Small children tend to climb on furniture such as freestanding bookcases, drawers, wardrobes and sideboards, and if the furniture is unsecured the child’s weight can cause it to topple.
Falling furniture can not only strike a child but can trap and crush them underneath, causing the child to suffocate.
Injuries and deaths
At least 14 children under nine years old died in Australia during 2000-2015 after domestic furniture fell on them. This is around one death per year. (Source: National Coronial Information System)
The Victorian Injury Surveillance Unit (VISU), Monash University recorded 909 emergency department visits in Victoria during January 2006 - June 2014 for injuries related to furniture tip-overs. Of these injuries:
- half were to children four years old and under
- 80% of incidents occurred in the home.
The Queensland Injury Surveillance Unit (QISU), Mater Health Service identified 1,032 cases during 1999-2013 where a child under 5 years old was injured by furniture or appliances tipping over.
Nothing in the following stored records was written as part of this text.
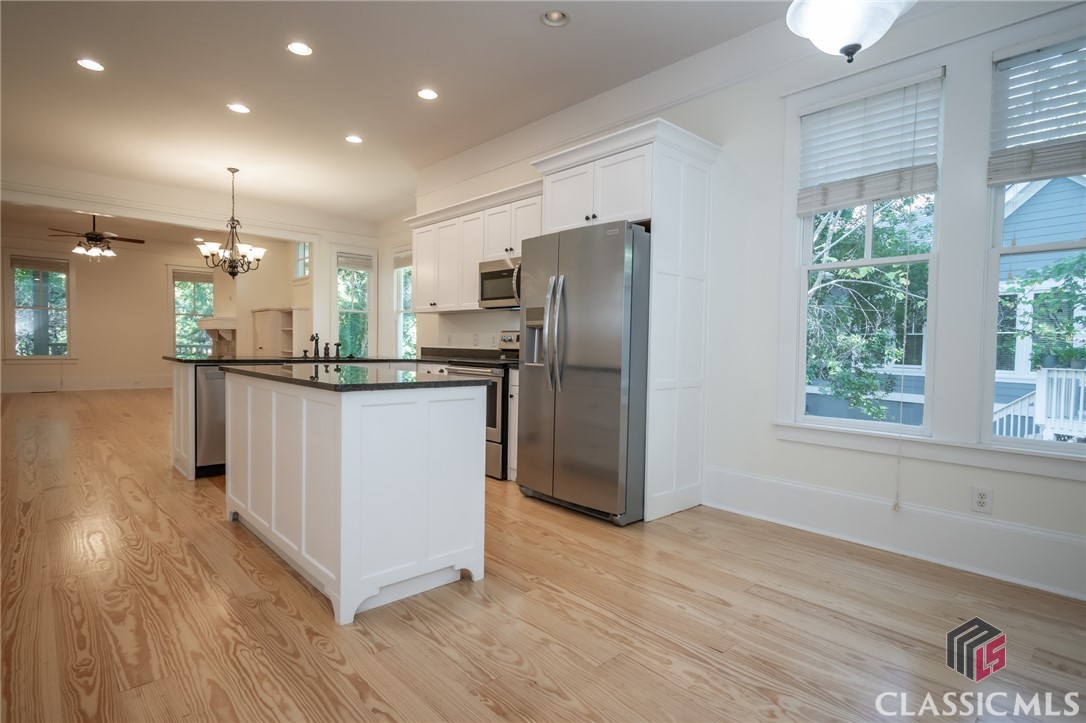 23 Chestnut Oak Run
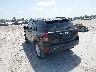 1C4NJCEA7ED****** Salvage and Repairable 2014 Jeep Compass in Dallas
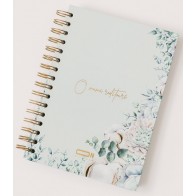 Jurnal "O mamă roditoare"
Of these cases:
- the three most common furniture items were chairs, chest of drawers/tallboys and tables/benches/desks
- the most common electrical appliance by far was the television
- the three most commonly identified places the injuries happened were living/dining areas, bedrooms and family/rumpus rooms.
Consumer research - April 2015
The ACCC commissioned research in April 2015 on consumer awareness of furniture stability risks and prevention. Specifically, the research focused on the particular dangers of common furniture in homes with children under the age of five.
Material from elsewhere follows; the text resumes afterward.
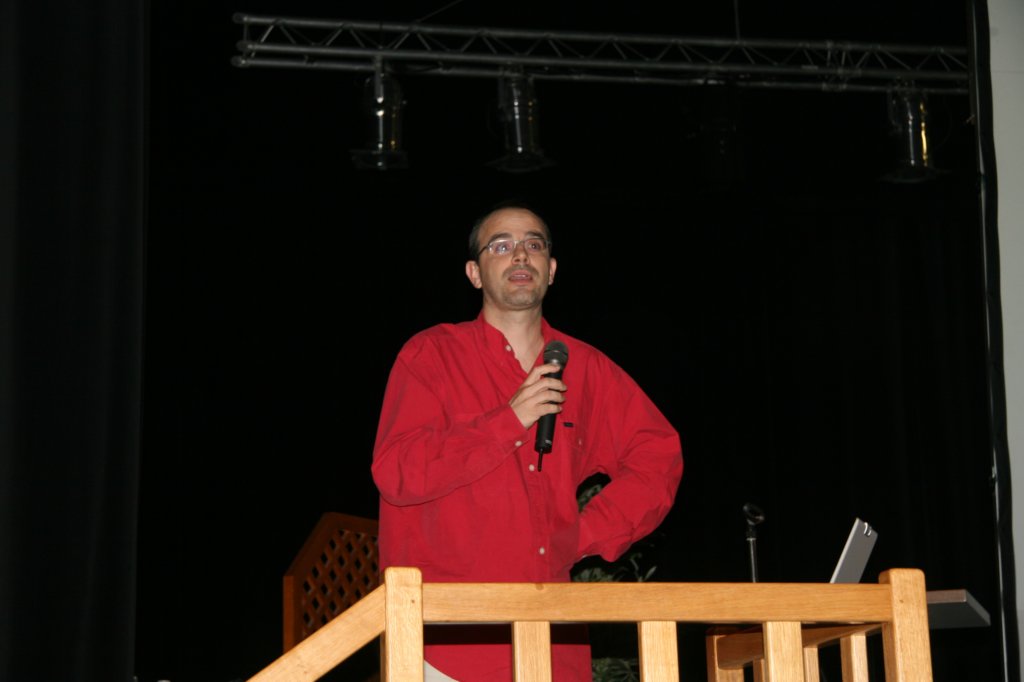 sologne_20091106_11h3521_jnrr09.jpg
Among other findings, the research showed that of parents who had experienced a dangerous toppling incident (27%), almost a quarter of those said the child was injured in the incident – although the majority of injuries were minor – and most had experienced a near-miss.
The full research report is available on this website.
- Purchase low-set furniture or furniture with sturdy, stable and broad bases.
- Look for furniture that comes with safety information or equipment for anchoring it to the walls.
- Test the furniture in the shop – make sure it is stable. For example, pull out top drawers of a chest of drawers and apply a little pressure to see how stable it is; make sure the drawers do not fall out easily.
- Attach, mount, bolt or otherwise secure furniture to walls and floors.
- Do not put heavy items on top shelves of bookcases.
- Place televisions at the back of cabinets or secure them to the wall.
- Discourage small children from climbing on furniture.
- Do not put tempting items such as favourite toys on top of furniture that encourage children to climb up and reach.
- Do not place unstable furniture near where children play.
- Put locking devices on all drawers to prevent children opening them and using them as steps.